• [Aim of the exercise] After locating the line with "Глянцевый натяжной потолок" in the entries below, output it and each following line up to and including the line with "Planche de bord", exactly and without pictures.

• [Dataset records]
>>>

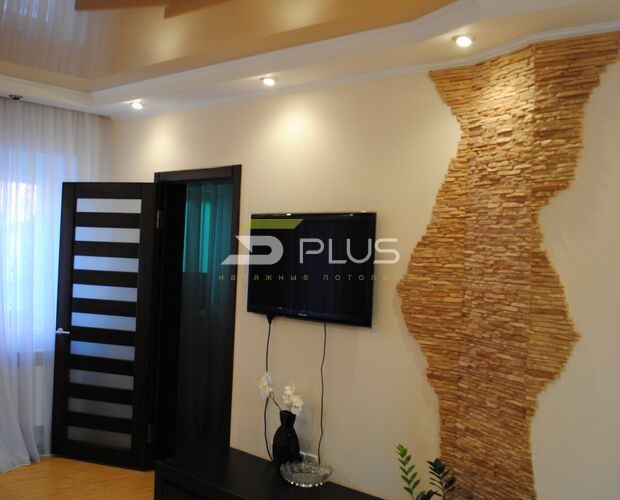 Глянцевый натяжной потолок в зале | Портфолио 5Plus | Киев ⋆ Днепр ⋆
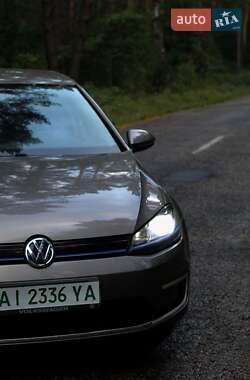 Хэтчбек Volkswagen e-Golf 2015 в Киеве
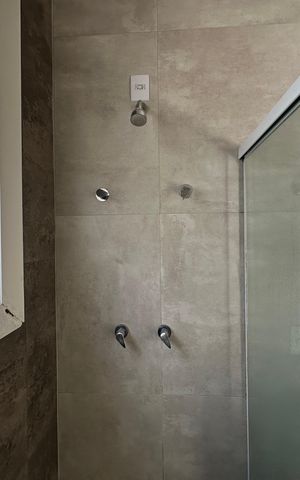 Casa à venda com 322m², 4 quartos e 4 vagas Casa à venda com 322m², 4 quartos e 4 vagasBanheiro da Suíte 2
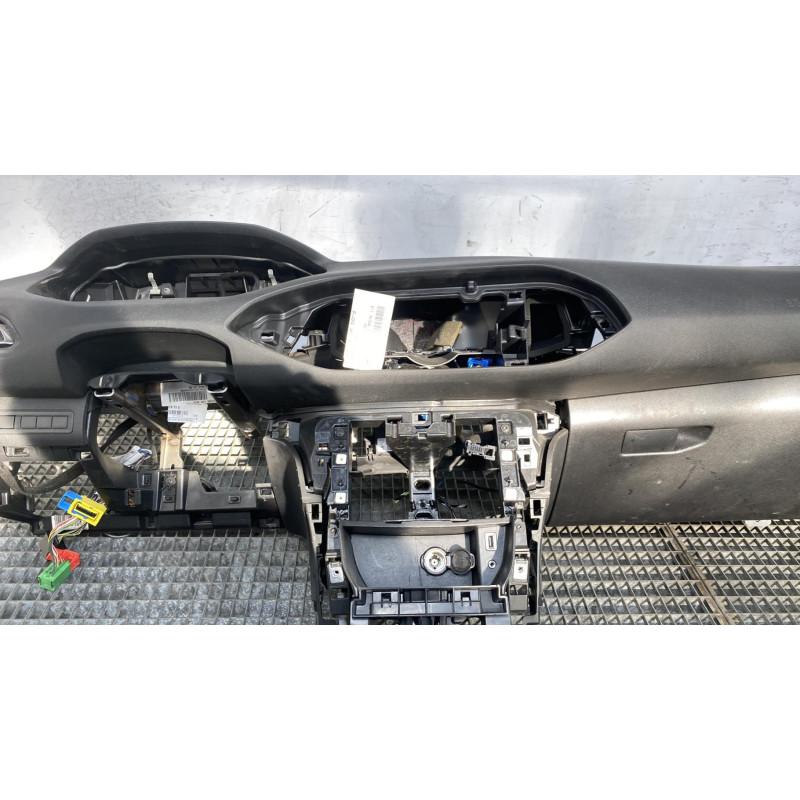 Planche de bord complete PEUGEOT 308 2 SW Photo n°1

<<<
>>>

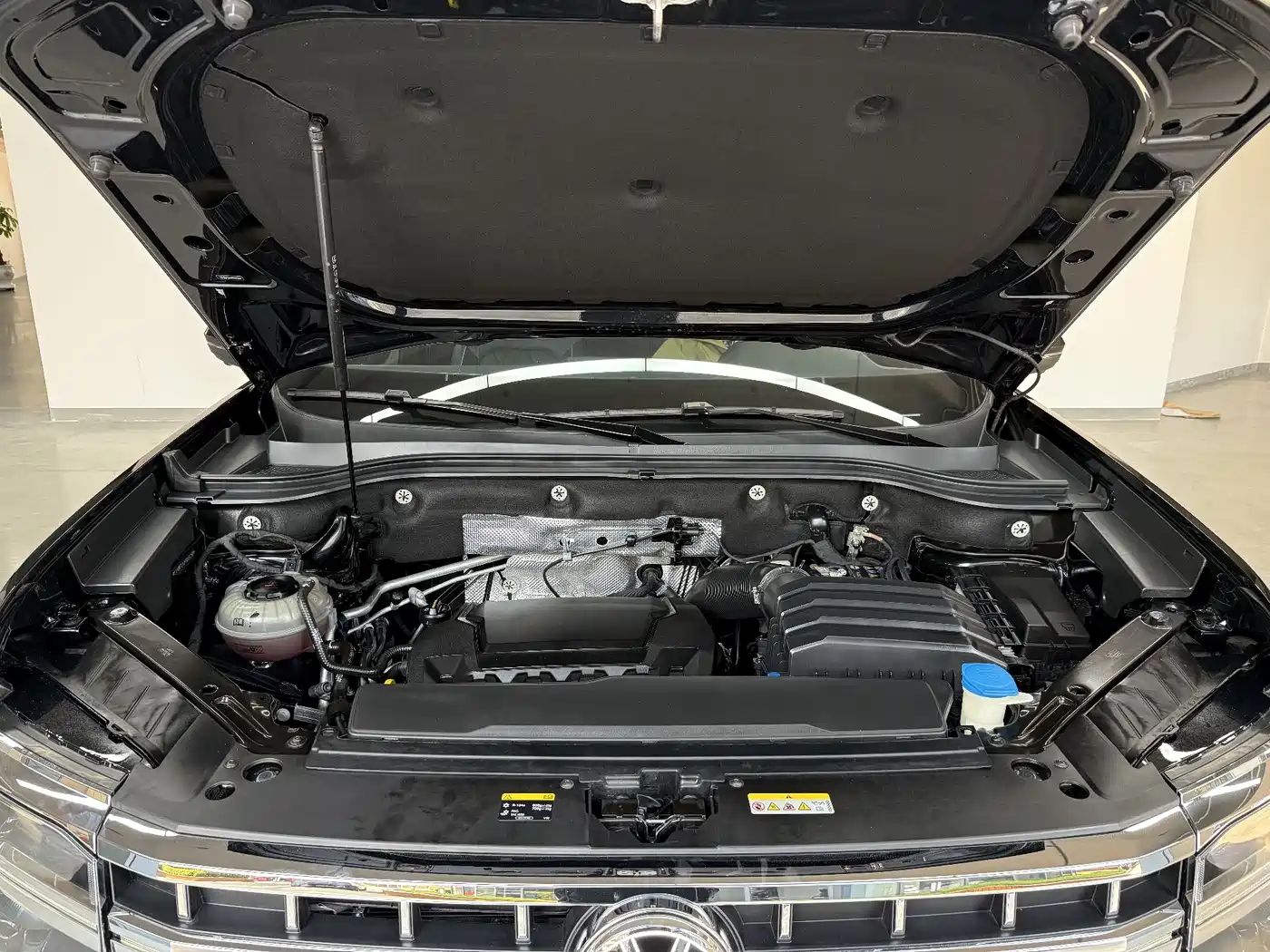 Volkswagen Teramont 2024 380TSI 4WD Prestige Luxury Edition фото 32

<<<

• [Response box]
 Глянцевый натяжной потолок в зале | Портфолио 5Plus | Киев ⋆ Днепр ⋆
 Хэтчбек Volkswagen e-Golf 2015 в Киеве
 Casa à venda com 322m², 4 quartos e 4 vagas Casa à venda com 322m², 4 quartos e 4 vagasBanheiro da Suíte 2
 Planche de bord complete PEUGEOT 308 2 SW Photo n°1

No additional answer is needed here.